■ **Activity**:
Below are entries; repeat exactly, and nothing else, the lines from the one holding "New 2026 Ram" through the one holding "Konect Counselling", inclusive. Leave the pictures out.

■ **Excerpted records**:
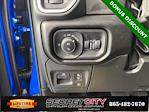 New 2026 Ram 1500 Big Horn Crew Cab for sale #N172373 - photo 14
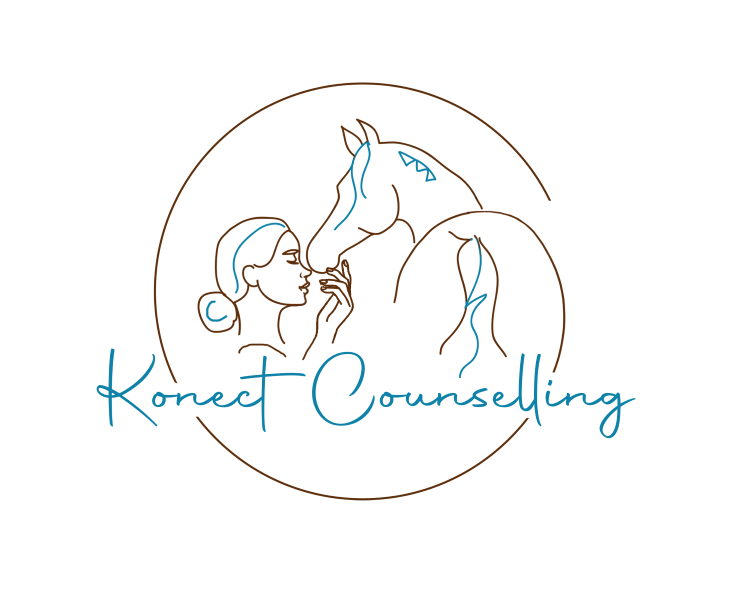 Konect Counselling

* * *

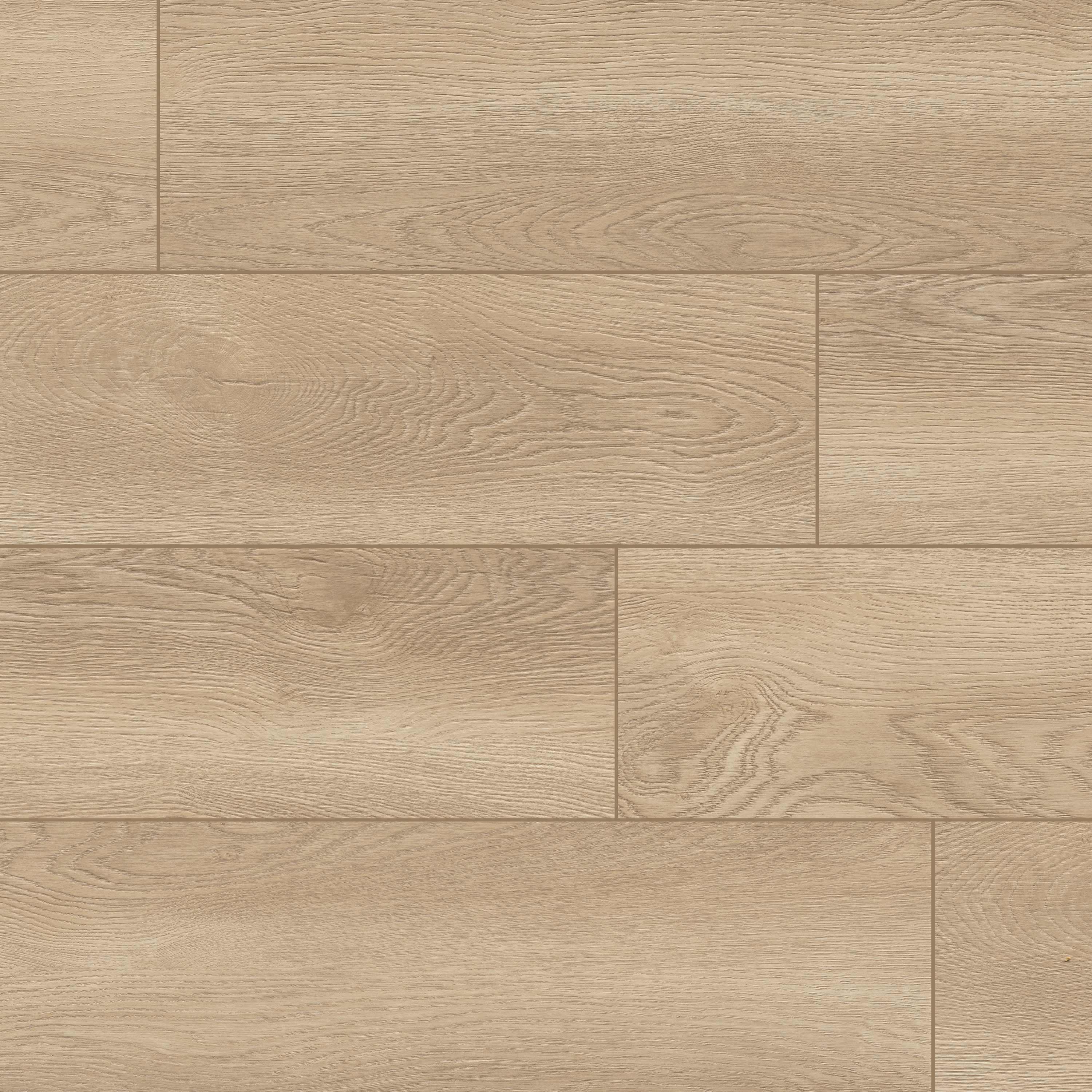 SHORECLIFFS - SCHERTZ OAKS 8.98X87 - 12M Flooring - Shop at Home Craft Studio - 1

■ **Result of the task**:
 New 2026 Ram 1500 Big Horn Crew Cab for sale #N172373 - photo 14
 Konect Counselling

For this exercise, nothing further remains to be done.